HEADLINE

Bears’ Nagy passes on giving up play-calling chores

Field Level Media

November 19, 2019 at 7:16 pm.

Chicago Bears head coach Matt Nagy will take a hard pass on surrendering play-calling duties.

Nagy and the Bears are mired in a slump of growing proportion and significance, and the chorus is growing louder for a shift — either at quarterback or play-caller.

Nagy called plays for the Kansas City Chiefs, a role head coach Andy Reid surrendered, before being selected as coach of the Bears.

“What I would say is this,” Nagy said, adding that if he identifies play-calling as a problem, “I’ll be the first to tell you, then we need to be better or if there’s a rhythm to something. I have zero ego and I have zero care of giving play-call duties to somebody else. I really do not care about that, and if that’s what we feel like from going through it that that’s what we need to do, then I would do that, I really would.

“But when you go through the tape and you look at things and you know schematically where we’re at and what we’re calling and when we’re calling it. … There’s without a doubt a few plays in that game that I would go back and say, ‘You know what, that’s our fault. We didn’t scheme it right,’ and that starts with me. And I need to be able to accept that and know how do I fix that. But we’ll do everything we can … we’re turning over every stone to get this thing right.”

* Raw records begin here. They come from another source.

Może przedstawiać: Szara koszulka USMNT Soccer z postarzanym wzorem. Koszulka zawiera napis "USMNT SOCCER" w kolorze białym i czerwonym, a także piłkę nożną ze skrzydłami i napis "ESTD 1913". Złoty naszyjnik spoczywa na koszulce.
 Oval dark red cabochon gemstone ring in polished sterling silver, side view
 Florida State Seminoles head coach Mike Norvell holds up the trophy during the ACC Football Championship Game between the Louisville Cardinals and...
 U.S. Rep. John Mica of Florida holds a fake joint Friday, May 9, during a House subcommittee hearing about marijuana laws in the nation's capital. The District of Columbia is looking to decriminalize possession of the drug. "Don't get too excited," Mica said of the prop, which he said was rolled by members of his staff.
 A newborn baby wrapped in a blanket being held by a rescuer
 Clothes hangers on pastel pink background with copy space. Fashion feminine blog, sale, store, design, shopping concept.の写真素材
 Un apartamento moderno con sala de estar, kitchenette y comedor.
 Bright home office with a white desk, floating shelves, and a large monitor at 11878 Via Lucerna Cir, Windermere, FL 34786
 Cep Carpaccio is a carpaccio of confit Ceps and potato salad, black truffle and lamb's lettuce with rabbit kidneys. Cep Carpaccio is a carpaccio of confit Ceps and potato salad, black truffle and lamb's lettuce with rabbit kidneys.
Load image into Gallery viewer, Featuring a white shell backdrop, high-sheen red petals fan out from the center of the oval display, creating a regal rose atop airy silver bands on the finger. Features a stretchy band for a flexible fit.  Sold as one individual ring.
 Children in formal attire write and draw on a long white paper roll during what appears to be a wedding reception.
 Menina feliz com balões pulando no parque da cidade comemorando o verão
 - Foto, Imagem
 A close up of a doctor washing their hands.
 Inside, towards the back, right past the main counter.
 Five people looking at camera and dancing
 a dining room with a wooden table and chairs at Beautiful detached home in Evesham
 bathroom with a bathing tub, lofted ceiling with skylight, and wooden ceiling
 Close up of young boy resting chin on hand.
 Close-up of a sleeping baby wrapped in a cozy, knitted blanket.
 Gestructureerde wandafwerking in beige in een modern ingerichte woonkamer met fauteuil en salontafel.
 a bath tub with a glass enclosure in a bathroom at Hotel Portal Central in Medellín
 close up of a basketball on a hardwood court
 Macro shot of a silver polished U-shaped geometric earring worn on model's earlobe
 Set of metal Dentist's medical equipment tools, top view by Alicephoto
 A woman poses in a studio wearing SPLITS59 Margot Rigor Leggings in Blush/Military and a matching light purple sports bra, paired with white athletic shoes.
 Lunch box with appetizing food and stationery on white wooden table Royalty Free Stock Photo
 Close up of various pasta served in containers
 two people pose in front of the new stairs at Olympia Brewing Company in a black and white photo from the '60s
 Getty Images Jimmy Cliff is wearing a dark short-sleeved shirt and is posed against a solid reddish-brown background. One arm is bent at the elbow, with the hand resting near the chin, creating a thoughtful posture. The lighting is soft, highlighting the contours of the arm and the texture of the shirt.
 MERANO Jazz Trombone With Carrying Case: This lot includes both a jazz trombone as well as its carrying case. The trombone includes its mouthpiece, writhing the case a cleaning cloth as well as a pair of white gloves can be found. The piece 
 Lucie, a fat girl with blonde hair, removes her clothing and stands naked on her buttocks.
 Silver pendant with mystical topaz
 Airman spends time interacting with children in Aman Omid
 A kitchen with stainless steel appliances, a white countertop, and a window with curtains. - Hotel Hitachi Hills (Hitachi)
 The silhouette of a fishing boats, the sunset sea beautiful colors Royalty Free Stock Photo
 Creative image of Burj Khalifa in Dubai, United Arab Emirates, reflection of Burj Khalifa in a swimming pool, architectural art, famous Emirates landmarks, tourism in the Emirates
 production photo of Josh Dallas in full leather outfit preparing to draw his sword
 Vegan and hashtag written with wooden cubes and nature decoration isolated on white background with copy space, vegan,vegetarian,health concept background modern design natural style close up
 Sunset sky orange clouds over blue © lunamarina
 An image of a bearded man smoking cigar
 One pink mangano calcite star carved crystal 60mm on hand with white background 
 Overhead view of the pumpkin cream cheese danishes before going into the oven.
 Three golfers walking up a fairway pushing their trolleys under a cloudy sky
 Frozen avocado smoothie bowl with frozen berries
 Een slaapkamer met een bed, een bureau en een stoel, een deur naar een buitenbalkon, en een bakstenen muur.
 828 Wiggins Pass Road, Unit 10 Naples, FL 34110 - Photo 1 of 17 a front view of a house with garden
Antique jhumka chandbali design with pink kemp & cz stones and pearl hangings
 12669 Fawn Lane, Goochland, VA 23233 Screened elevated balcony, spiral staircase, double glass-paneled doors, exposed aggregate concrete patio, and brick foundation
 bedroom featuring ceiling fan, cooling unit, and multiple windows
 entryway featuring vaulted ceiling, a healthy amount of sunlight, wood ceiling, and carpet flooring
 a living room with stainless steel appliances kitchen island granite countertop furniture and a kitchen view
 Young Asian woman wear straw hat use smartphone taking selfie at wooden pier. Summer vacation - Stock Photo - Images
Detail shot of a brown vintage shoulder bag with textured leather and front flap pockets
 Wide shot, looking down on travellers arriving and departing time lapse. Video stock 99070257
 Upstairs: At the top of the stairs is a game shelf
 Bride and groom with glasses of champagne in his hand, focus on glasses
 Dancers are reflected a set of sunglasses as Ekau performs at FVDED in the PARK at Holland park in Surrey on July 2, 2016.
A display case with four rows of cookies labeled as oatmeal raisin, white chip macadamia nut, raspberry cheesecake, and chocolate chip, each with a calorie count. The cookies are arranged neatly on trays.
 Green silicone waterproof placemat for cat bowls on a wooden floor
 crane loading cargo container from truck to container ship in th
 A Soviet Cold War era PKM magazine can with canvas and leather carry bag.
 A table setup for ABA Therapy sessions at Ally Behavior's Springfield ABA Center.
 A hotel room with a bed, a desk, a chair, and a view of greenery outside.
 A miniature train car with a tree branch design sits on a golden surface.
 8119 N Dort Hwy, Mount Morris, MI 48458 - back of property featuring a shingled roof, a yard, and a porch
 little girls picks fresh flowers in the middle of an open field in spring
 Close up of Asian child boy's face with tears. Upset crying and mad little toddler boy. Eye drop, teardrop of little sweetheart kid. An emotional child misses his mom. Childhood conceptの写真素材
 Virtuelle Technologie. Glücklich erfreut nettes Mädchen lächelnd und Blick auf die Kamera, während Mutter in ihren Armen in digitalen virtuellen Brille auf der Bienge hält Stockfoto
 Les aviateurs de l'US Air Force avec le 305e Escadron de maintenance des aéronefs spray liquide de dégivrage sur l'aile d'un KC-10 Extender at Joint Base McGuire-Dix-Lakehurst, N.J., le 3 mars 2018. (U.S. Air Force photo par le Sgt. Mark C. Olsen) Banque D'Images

At 4-6, the Bears are longshots to get back to the playoffs after winning the NFC North in 2018 in Nagy’s inaugural season in Chicago.

Averaging only 16.9 points per game, only the Washington Redskins are scoring less in the NFC (12.5 ppg). The Bears rank 28th in the NFL in scoring.

In last week’s 17-7 loss to the Rams, Nagy pulled quarterback Mitchell Trubisky but said his health — not performance — was the reason Chase Daniel entered the game.

“When you’re not a part of it and you don’t really know what’s going on, I’m not questioning what people are thinking,” Nagy said. “I’m just telling you exactly what happened. I can’t be more honest than that. We knew there was pain and we had to monitor that the entire second half. You’ll see it when you watch the tape, on almost every play, you’ll see where it’s affecting him.”

The Bears host the New York Giants on Sunday in Week 12, then visit the Detroit Lions for a Thanksgiving Day game four days later.